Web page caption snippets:
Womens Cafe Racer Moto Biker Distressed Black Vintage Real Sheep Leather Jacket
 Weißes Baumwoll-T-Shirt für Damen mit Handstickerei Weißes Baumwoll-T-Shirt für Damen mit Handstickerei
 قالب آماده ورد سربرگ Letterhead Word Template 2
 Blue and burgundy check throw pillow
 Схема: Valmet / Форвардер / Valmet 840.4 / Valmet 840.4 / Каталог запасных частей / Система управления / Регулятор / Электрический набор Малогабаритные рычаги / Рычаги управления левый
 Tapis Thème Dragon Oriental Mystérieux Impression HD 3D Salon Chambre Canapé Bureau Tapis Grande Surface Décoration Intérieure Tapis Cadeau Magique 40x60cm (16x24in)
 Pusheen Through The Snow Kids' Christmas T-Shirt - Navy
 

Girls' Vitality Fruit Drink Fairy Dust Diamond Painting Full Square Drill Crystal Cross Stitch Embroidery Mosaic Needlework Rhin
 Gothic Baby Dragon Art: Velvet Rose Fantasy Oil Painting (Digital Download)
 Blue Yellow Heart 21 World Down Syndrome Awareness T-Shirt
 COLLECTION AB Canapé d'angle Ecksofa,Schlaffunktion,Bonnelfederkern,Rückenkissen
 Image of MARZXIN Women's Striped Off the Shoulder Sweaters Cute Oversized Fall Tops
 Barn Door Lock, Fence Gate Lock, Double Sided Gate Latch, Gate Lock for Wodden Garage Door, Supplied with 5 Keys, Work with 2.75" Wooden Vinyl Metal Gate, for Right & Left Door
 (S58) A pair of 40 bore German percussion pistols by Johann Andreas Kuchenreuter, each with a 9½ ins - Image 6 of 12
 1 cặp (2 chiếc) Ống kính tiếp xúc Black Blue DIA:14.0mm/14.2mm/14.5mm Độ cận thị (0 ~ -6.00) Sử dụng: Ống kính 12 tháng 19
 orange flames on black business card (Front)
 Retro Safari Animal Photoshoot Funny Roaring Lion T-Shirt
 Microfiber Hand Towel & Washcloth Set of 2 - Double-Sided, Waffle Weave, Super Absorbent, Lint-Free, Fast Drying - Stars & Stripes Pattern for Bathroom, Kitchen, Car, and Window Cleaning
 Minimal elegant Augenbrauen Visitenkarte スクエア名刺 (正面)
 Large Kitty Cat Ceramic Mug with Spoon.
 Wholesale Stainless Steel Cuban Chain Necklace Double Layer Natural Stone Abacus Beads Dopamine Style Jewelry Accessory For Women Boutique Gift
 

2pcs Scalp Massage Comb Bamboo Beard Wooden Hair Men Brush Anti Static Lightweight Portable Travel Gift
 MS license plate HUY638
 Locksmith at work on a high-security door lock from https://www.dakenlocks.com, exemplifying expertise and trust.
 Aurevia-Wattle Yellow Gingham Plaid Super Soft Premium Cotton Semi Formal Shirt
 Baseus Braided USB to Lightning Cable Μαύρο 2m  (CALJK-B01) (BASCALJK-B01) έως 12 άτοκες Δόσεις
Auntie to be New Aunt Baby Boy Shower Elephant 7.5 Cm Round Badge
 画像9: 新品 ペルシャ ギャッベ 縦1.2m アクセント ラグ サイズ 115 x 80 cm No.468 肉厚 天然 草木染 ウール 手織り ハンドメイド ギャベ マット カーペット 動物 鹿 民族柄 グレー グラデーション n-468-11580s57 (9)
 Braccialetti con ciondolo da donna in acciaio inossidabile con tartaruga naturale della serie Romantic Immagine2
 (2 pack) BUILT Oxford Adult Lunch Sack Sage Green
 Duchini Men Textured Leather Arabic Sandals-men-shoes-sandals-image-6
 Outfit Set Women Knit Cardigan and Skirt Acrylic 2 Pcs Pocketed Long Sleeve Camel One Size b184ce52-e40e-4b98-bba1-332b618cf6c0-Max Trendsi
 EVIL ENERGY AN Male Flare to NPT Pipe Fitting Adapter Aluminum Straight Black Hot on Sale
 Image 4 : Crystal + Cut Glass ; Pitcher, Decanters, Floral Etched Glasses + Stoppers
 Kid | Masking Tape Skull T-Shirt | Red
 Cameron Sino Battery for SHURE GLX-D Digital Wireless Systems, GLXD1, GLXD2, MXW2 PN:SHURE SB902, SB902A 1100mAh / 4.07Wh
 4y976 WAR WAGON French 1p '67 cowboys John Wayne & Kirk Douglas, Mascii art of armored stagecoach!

What is needed:
Please output every record, keeping each line exact.

Answer space:
Womens Cafe Racer Moto Biker Distressed Black Vintage Real Sheep Leather Jacket
 Weißes Baumwoll-T-Shirt für Damen mit Handstickerei Weißes Baumwoll-T-Shirt für Damen mit Handstickerei
 قالب آماده ورد سربرگ Letterhead Word Template 2
 Blue and burgundy check throw pillow
 Схема: Valmet / Форвардер / Valmet 840.4 / Valmet 840.4 / Каталог запасных частей / Система управления / Регулятор / Электрический набор Малогабаритные рычаги / Рычаги управления левый
 Tapis Thème Dragon Oriental Mystérieux Impression HD 3D Salon Chambre Canapé Bureau Tapis Grande Surface Décoration Intérieure Tapis Cadeau Magique 40x60cm (16x24in)
 Pusheen Through The Snow Kids' Christmas T-Shirt - Navy
 

Girls' Vitality Fruit Drink Fairy Dust Diamond Painting Full Square Drill Crystal Cross Stitch Embroidery Mosaic Needlework Rhin
 Gothic Baby Dragon Art: Velvet Rose Fantasy Oil Painting (Digital Download)
 Blue Yellow Heart 21 World Down Syndrome Awareness T-Shirt
 COLLECTION AB Canapé d'angle Ecksofa,Schlaffunktion,Bonnelfederkern,Rückenkissen
 Image of MARZXIN Women's Striped Off the Shoulder Sweaters Cute Oversized Fall Tops
 Barn Door Lock, Fence Gate Lock, Double Sided Gate Latch, Gate Lock for Wodden Garage Door, Supplied with 5 Keys, Work with 2.75" Wooden Vinyl Metal Gate, for Right & Left Door
 (S58) A pair of 40 bore German percussion pistols by Johann Andreas Kuchenreuter, each with a 9½ ins - Image 6 of 12
 1 cặp (2 chiếc) Ống kính tiếp xúc Black Blue DIA:14.0mm/14.2mm/14.5mm Độ cận thị (0 ~ -6.00) Sử dụng: Ống kính 12 tháng 19
 orange flames on black business card (Front)
 Retro Safari Animal Photoshoot Funny Roaring Lion T-Shirt
 Microfiber Hand Towel & Washcloth Set of 2 - Double-Sided, Waffle Weave, Super Absorbent, Lint-Free, Fast Drying - Stars & Stripes Pattern for Bathroom, Kitchen, Car, and Window Cleaning
 Minimal elegant Augenbrauen Visitenkarte スクエア名刺 (正面)
 Large Kitty Cat Ceramic Mug with Spoon.
 Wholesale Stainless Steel Cuban Chain Necklace Double Layer Natural Stone Abacus Beads Dopamine Style Jewelry Accessory For Women Boutique Gift
 

2pcs Scalp Massage Comb Bamboo Beard Wooden Hair Men Brush Anti Static Lightweight Portable Travel Gift
 MS license plate HUY638
 Locksmith at work on a high-security door lock from https://www.dakenlocks.com, exemplifying expertise and trust.
 Aurevia-Wattle Yellow Gingham Plaid Super Soft Premium Cotton Semi Formal Shirt
 Baseus Braided USB to Lightning Cable Μαύρο 2m  (CALJK-B01) (BASCALJK-B01) έως 12 άτοκες Δόσεις
Auntie to be New Aunt Baby Boy Shower Elephant 7.5 Cm Round Badge
 画像9: 新品 ペルシャ ギャッベ 縦1.2m アクセント ラグ サイズ 115 x 80 cm No.468 肉厚 天然 草木染 ウール 手織り ハンドメイド ギャベ マット カーペット 動物 鹿 民族柄 グレー グラデーション n-468-11580s57 (9)
 Braccialetti con ciondolo da donna in acciaio inossidabile con tartaruga naturale della serie Romantic Immagine2
 (2 pack) BUILT Oxford Adult Lunch Sack Sage Green
 Duchini Men Textured Leather Arabic Sandals-men-shoes-sandals-image-6
 Outfit Set Women Knit Cardigan and Skirt Acrylic 2 Pcs Pocketed Long Sleeve Camel One Size b184ce52-e40e-4b98-bba1-332b618cf6c0-Max Trendsi
 EVIL ENERGY AN Male Flare to NPT Pipe Fitting Adapter Aluminum Straight Black Hot on Sale
 Image 4 : Crystal + Cut Glass ; Pitcher, Decanters, Floral Etched Glasses + Stoppers
 Kid | Masking Tape Skull T-Shirt | Red
 Cameron Sino Battery for SHURE GLX-D Digital Wireless Systems, GLXD1, GLXD2, MXW2 PN:SHURE SB902, SB902A 1100mAh / 4.07Wh
 4y976 WAR WAGON French 1p '67 cowboys John Wayne & Kirk Douglas, Mascii art of armored stagecoach!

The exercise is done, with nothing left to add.